ASEAN主要国2位、アジア主要国で4位の伸率
アキノ政権6年間で6.2%(移動平均)と高水準

 

 2015年第4四半期(10~12月)GDP成長率(前年同期比実質ベース:以下同様)は6.3%で、前期の6.1%(速報値6.0%から上方改訂)からは拡大したが、前年同期の6.6%には及ばなかった。

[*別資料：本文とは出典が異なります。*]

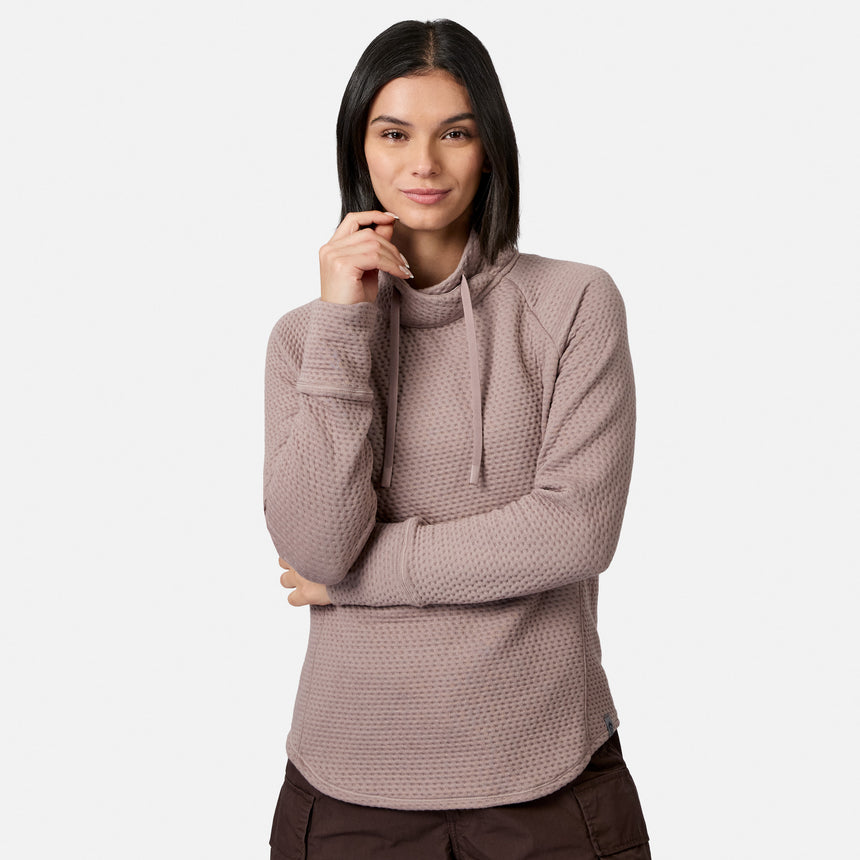 A woman wears a fawn Free Country Women’s UltraFill Cowl Neck Top featuring seamless quilting, a cowl neck collar, and drawstrings.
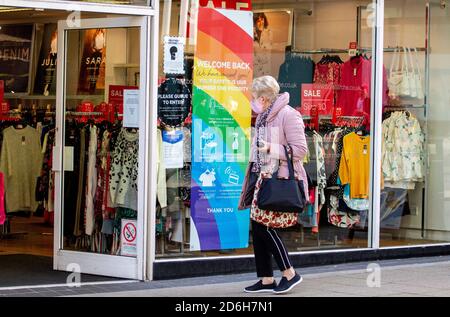 Dundee, Tayside, Schottland, Großbritannien. Oktober 2020. UK Wetter: Herbstsonne mit einer kühlen Brise durch Nordostschottland, Höchsttemperaturen 10 Grad Eine ältere Shopper, die am Bonmarche Bekleidungsgeschäft vorbeigeht und eine Gesichtsmask trägt und sich der Stay Safe-Bestimmungen im Stadtzentrum von Dundee während der Covid-19-Sperrbeschränkungen bewusst ist. Kredit: Dundee Photographics/Alamy Live Nachrichten Stockfoto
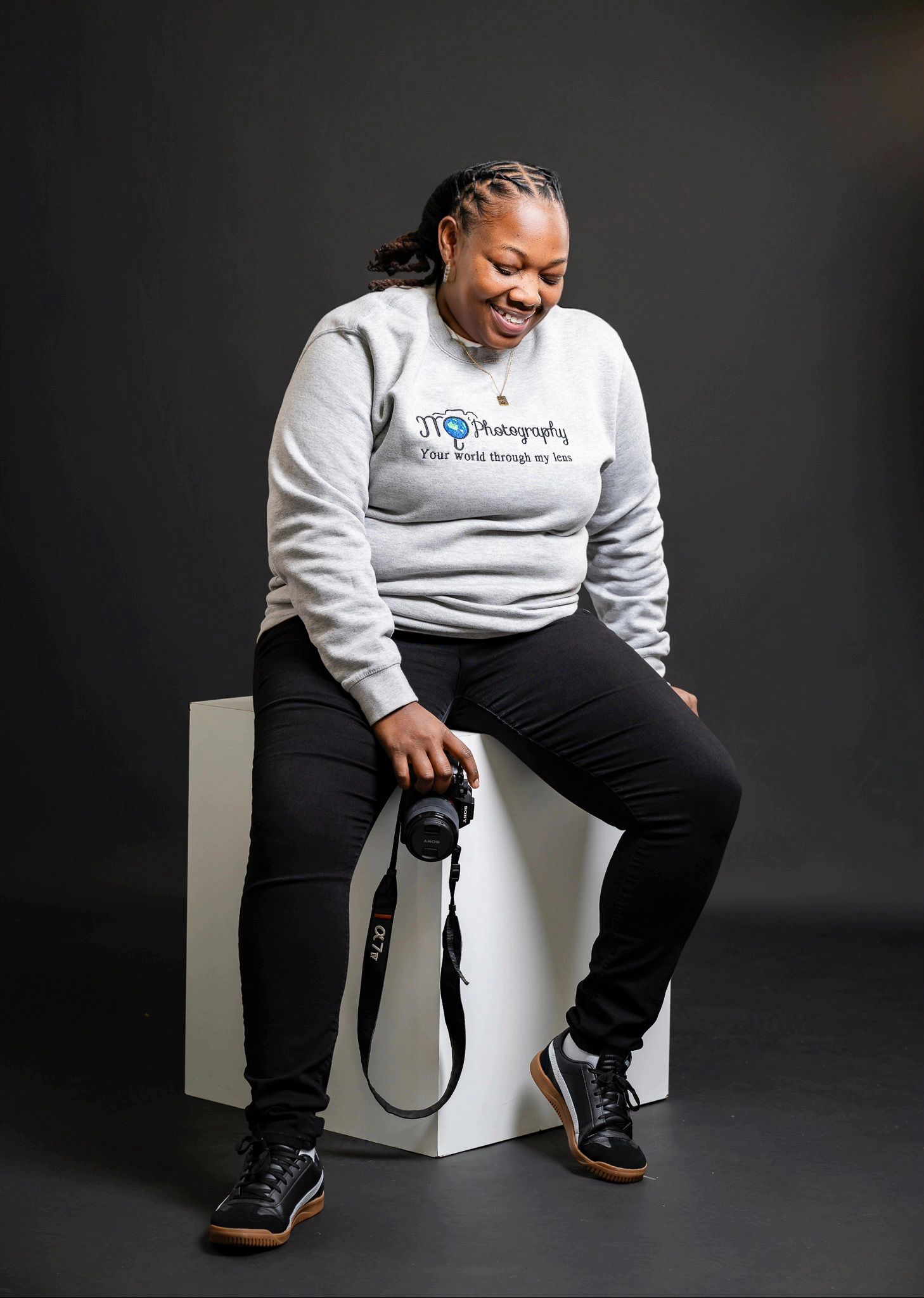 Person wearing grey sweatshirt and black pants sitting on white cube against dark backdrop.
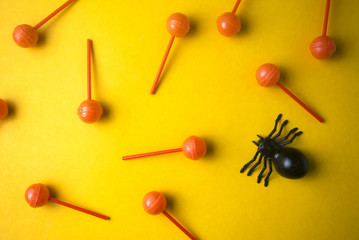 dessert lollipop on yellow ground with black spider in halloween party concept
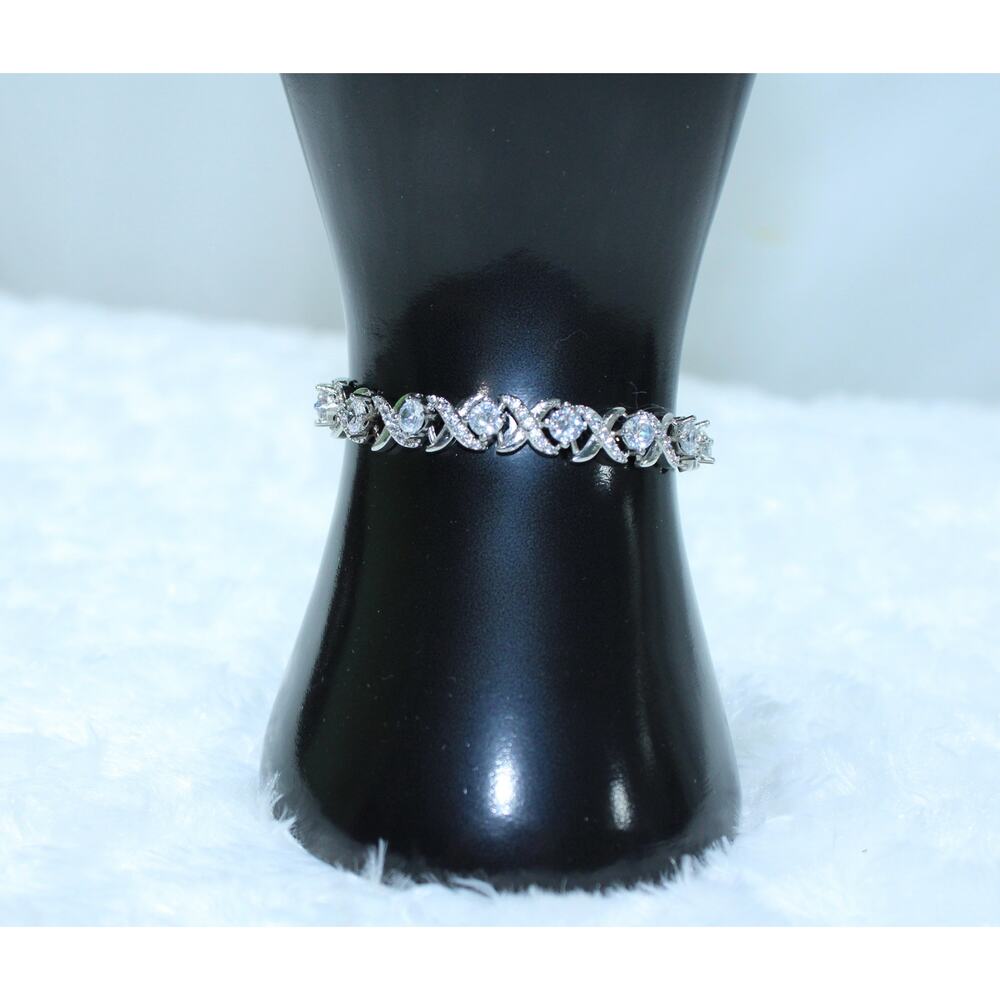 Women’s SILVER  " X " Adjustable Bracelet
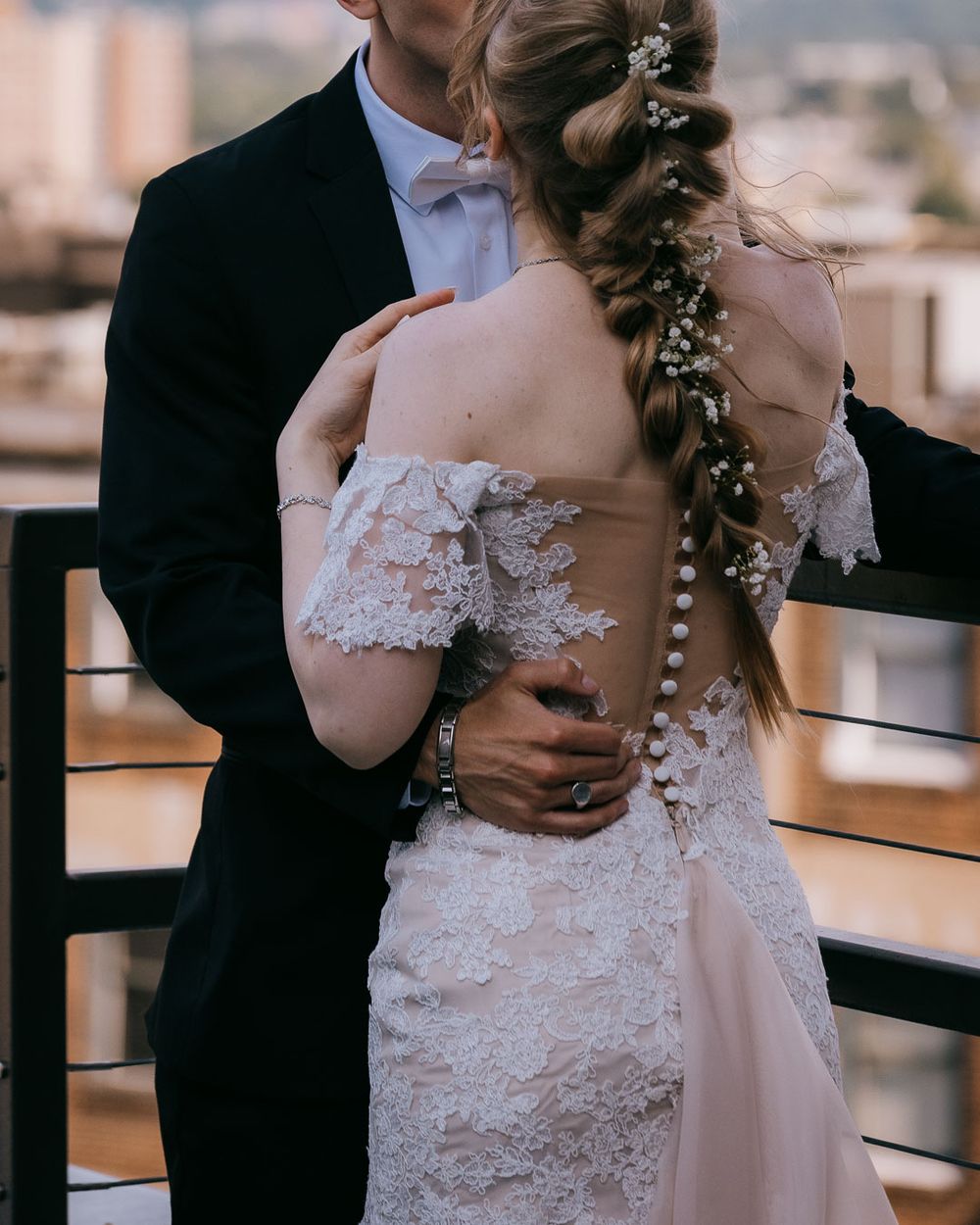 Bride and groom embracing on a city rooftop, captured by Cleveland wedding photographer.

 セクター別成長率は農林水産業がマイナス0.3%(前年同期4.2%)、鉱工業が6.8%(同9.1%)、サービス産業が7.4%(同5.6%)であった。主力のサービス産業の成長率が高まったが、鉱工業が非常に好調であった前年同期からは大幅鈍化したこと、悪天候の影響で農林水産業がマイナス成長へと悪化したことが響き、全体の成長率が前年同期比鈍化という結果となった。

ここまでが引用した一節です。